Short text fragments from websites

::::

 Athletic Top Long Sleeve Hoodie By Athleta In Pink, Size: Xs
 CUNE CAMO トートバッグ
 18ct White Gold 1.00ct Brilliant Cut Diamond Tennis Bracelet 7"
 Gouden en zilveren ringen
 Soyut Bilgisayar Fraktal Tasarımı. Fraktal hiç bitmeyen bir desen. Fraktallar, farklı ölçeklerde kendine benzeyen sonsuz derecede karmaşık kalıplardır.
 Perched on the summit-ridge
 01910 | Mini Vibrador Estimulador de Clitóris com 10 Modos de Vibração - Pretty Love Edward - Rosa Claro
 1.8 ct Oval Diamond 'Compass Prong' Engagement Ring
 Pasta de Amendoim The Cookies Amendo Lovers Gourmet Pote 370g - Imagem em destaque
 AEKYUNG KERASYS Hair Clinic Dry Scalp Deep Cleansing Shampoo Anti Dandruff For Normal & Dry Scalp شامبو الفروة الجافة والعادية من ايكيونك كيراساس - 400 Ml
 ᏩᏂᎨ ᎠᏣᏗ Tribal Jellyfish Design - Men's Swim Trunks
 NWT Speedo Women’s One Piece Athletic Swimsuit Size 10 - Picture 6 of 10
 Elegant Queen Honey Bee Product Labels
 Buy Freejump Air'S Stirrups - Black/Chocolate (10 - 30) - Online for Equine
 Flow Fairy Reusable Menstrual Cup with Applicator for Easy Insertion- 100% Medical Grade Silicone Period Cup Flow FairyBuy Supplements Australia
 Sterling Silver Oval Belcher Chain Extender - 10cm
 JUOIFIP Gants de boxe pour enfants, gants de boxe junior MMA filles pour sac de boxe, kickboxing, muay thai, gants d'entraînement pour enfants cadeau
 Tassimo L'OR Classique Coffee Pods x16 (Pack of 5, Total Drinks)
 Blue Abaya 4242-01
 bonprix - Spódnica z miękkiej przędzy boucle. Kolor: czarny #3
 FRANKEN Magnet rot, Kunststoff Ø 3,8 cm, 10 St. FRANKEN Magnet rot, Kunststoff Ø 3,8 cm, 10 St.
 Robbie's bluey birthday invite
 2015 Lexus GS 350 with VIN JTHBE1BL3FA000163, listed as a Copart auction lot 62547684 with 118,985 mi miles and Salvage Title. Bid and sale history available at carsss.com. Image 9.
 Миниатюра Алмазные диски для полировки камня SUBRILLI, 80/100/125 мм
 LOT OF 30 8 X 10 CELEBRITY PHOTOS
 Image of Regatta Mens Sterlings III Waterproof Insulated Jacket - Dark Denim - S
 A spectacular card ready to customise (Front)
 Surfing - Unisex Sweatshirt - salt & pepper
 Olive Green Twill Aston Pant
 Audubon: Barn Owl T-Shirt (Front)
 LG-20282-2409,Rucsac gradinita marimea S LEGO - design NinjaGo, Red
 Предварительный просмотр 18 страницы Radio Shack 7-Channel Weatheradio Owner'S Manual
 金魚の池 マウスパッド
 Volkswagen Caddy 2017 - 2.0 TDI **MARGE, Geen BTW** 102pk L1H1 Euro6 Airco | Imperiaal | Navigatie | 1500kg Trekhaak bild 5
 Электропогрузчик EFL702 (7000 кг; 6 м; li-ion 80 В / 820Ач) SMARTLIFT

::::

ACTIVITY
Every line from the one containing "LOT OF 30 8 X 10 CELEBRITY PHOTOS" through the end of the entries above must be echoed exactly, with both ends kept.

ANSWER BELOW
 LOT OF 30 8 X 10 CELEBRITY PHOTOS
 Image of Regatta Mens Sterlings III Waterproof Insulated Jacket - Dark Denim - S
 A spectacular card ready to customise (Front)
 Surfing - Unisex Sweatshirt - salt & pepper
 Olive Green Twill Aston Pant
 Audubon: Barn Owl T-Shirt (Front)
 LG-20282-2409,Rucsac gradinita marimea S LEGO - design NinjaGo, Red
 Предварительный просмотр 18 страницы Radio Shack 7-Channel Weatheradio Owner'S Manual
 金魚の池 マウスパッド
 Volkswagen Caddy 2017 - 2.0 TDI **MARGE, Geen BTW** 102pk L1H1 Euro6 Airco | Imperiaal | Navigatie | 1500kg Trekhaak bild 5
 Электропогрузчик EFL702 (7000 кг; 6 м; li-ion 80 В / 820Ач) SMARTLIFT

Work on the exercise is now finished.